By Robert Schoon (r.schoon@latinospost.com) | First Posted: Jul 17, 2013 11:01 AM EDT

Microsoft, on Tuesday, pressed U.S. Attorney General Eric Holder to allow it to publish more information about its involvement in the NSA's PRISM program, while also denying recent assertions that it helped the NSA circumvent encryption on its online services.

In a post on Microsoft's public policy blog, Brad Smith, Microsoft's General Counsel and Executive Vice President of Legal Affairs denied reports that the company gives the National Security Agency any "direct or unfettered access" to customer data. This, after The Guardian's Glenn Greenwald, with documents provided by Edward Snowden, published an article claiming that Microsoft helped the NSA crack the encryption on its own Outlook.com web chat functions, and also provided pre-encryption access to its email servers, SkyDrive, and Skype video chats.

Smith called on Holder to "personally take action to permit Microsoft and other companies to share publicly more complete information," about how national security requests for its customer data are handled. Microsoft's top lawyer went on to write, "We believe the U.S. Constitution guarantees our freedom to share more information with the public, yet the Government is stopping us." He cited a petition filed in court by Microsoft on June 19, asking to publish the total number of national security requests received, which has still not drawn a response.

Smith posted responses to allegations by the Guardian, going through each Microsoft service mentioned in the report.

Email and Messaging:

The Guardian accused Microsoft of helping the NSA hack its own Outlook.com instant messaging web chat system, publishing an exerpt from a top secret internal NSA newsletter that says, "MS, working with the FBI, developed a surveillance capability" to decrypt chat messages. Greenwald then published an excerpt from a purported NSA newsletter that says that the government agency has pre-encryption access to Microsoft's email: "For Prism collection against Hotmail, Live, and Outlook.com emails will be unaffected because Prism collects this data prior to encryption."

Smith's response: "We do not provide any government with direct access to emails or instant messages. Full stop... We do not provide any government with the technical capability to access user content directly or by itself. Instead, governments must continue to rely on legal process to seek from us specified information about identified accounts."

Sky Drive:

Greenwald had purported NSA documents showed that Microsoft worked with the FBI to provide special access to SkyDrive cloud storage data, resulting in the NSA's praise for the FBI and Microsoft's teamwork: "This success is a result of the FBI working for many months with Microsoft to get this tasking and collection solution established."

Microsoft responded: "In 2013 we made changes to our processes to be able to continue to comply with an increasing number of legal demands [from] governments worldwide. None of these changes provided any government with direct access to SkyDrive. Nor did any of them change the fact that we still require governments to follow legal processes when requesting customer data."

Skype Call Monitoring:

The Guardian reportedly had a document showing that the NSA was capable of tapping into Skype calls - at first audio, but then, starting about a year ago, video calls: "The audio portions of these sessions have been processed correctly all along, but without the accompanying video. Now, analysts will have the complete 'picture.'"

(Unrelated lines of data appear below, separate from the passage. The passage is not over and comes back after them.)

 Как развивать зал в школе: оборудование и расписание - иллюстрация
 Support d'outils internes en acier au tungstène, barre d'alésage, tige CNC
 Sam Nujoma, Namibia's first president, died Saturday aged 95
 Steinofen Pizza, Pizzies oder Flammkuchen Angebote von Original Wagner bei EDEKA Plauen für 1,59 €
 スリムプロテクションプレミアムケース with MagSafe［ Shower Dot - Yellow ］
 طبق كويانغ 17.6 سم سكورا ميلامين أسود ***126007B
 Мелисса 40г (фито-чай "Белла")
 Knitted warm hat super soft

Microsoft said the change mentioned in 2012 was to move Skype supernode hosting in-house and migrate Skype IM traffic to servers in Microsoft's data centers (Microsoft bought Skype in 2011). "These changes were not made to facilitate greater government acess to audio, video, messaging or other customer data," said Smith, who added that "we... assume that all calls, whether over the Internet or by fixed line or mobile phone, will offer similar levels of privacy and security," meaning that court orders are required to tap a call. Again, Smith asserted that the NSA does not get "direct or unfettered access" to Skype data or encryption keys.

Microsoft's lawyer also said that requests for data from enterprise customers are rare and customers are notified, "unless the company is legally prohibited from doing so." Enterprise customers were not specifically mentioned in Greenwald's latest report, but Microsoft is likely covering that base just to be safe because it's (justifiably) worried about the damage these PRISM-related accusations can cause, just one day ahead of Microsoft's earnings report.

Microsoft, as well as Facebook, Apple, and Yahoo, have already published limited data on national security requests - usually representing a six-month period and giving only specifics on the number of requests and the number of customers targeted by them. Since the NSA PRISM program was leaked by Snowden and exposed by the Washington Post and The Guardian, these companies have denied giving the NSA "direct access" to customer data and petitioned to release as much information as possible on national security requests, as the story continues to grow into a public relations nightmare.